## What you are asked to do
From the material below, return exactly the lines starting at the one that holds "Su primer cumshot en la boca" and ending at the one that holds "Main entrance to". Pictures stay out of the answer.

## Data for this exercise
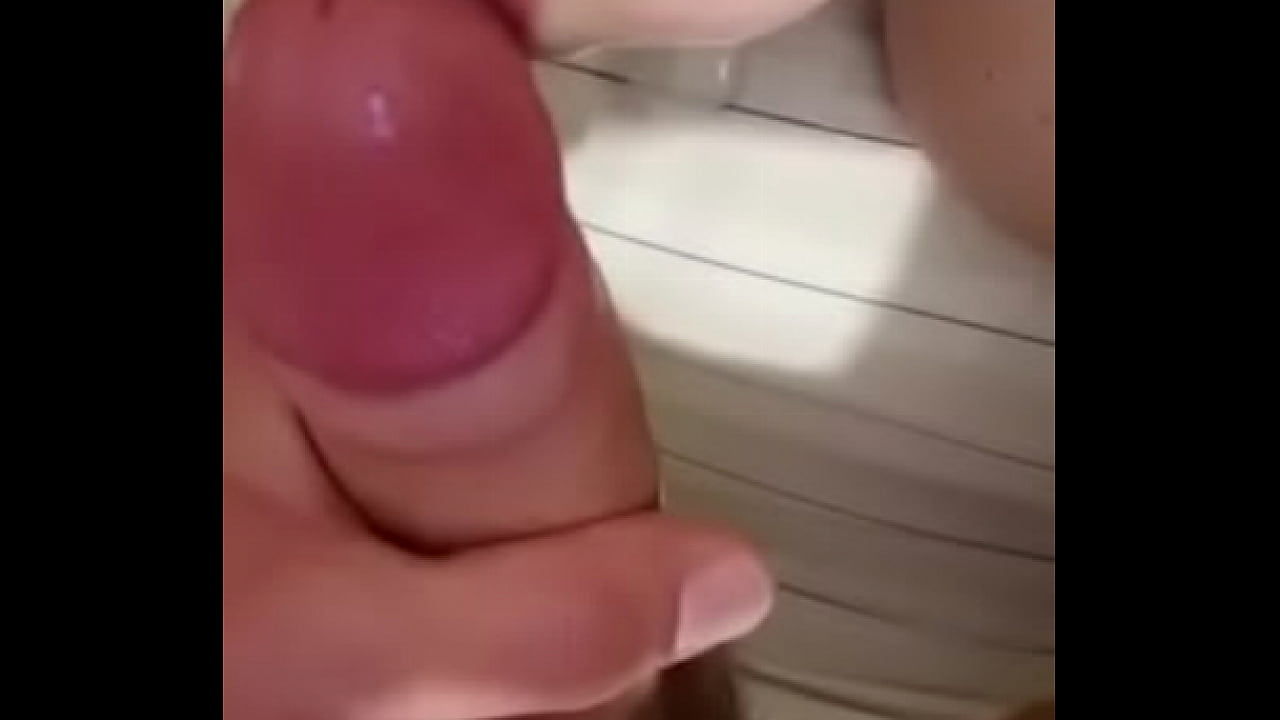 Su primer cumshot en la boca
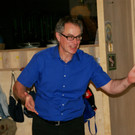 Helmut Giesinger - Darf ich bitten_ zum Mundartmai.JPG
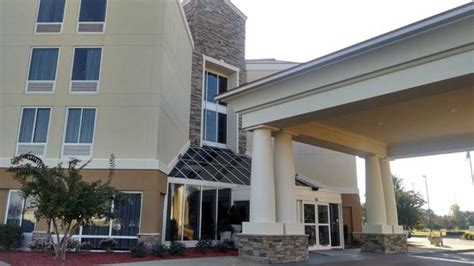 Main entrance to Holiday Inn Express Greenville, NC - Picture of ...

...

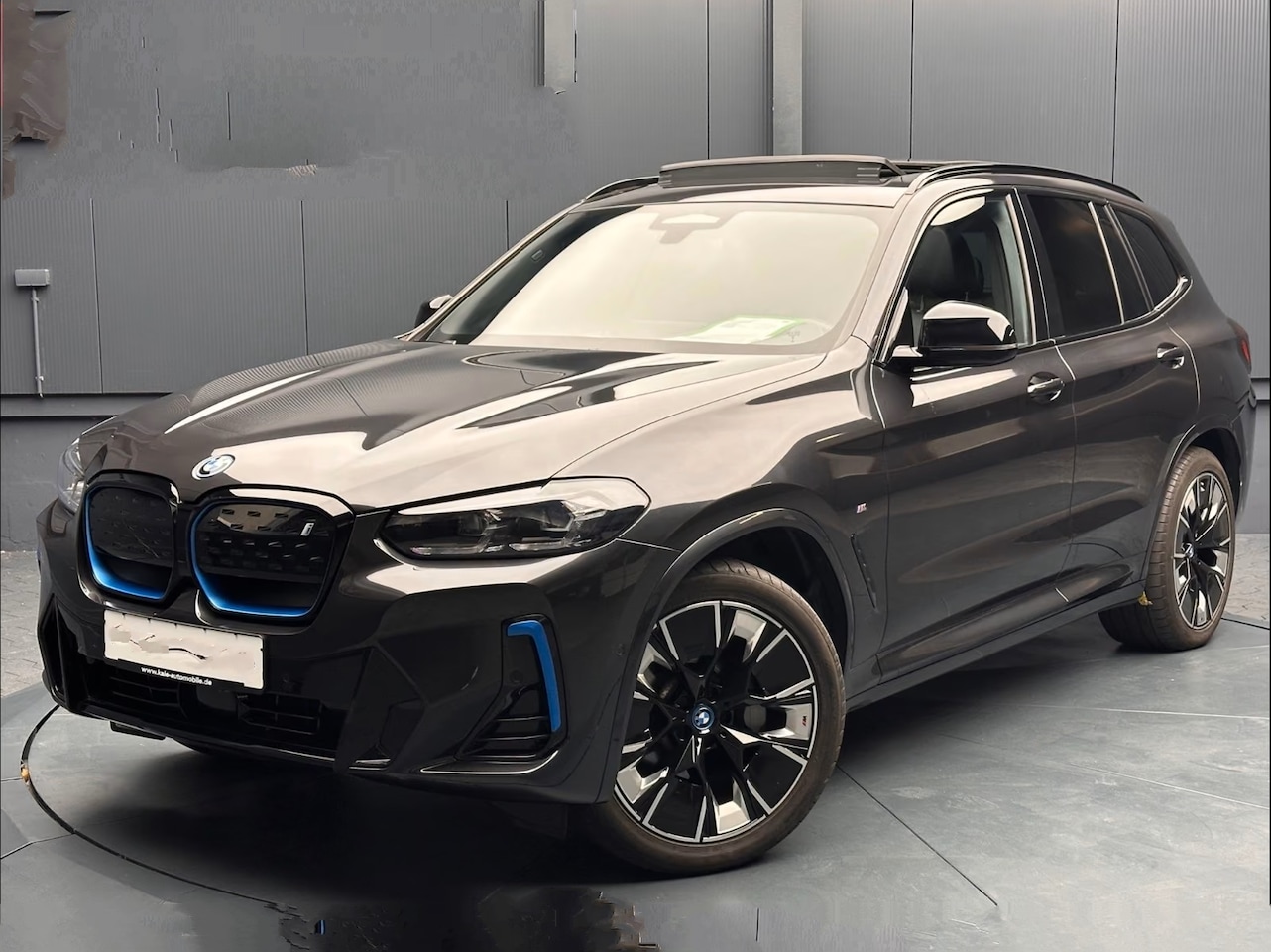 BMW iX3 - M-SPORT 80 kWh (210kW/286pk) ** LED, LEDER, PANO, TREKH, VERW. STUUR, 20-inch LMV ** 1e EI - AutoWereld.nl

## Output of the task
 Su primer cumshot en la boca
 Helmut Giesinger - Darf ich bitten_ zum Mundartmai.JPG
 Main entrance to Holiday Inn Express Greenville, NC - Picture of ...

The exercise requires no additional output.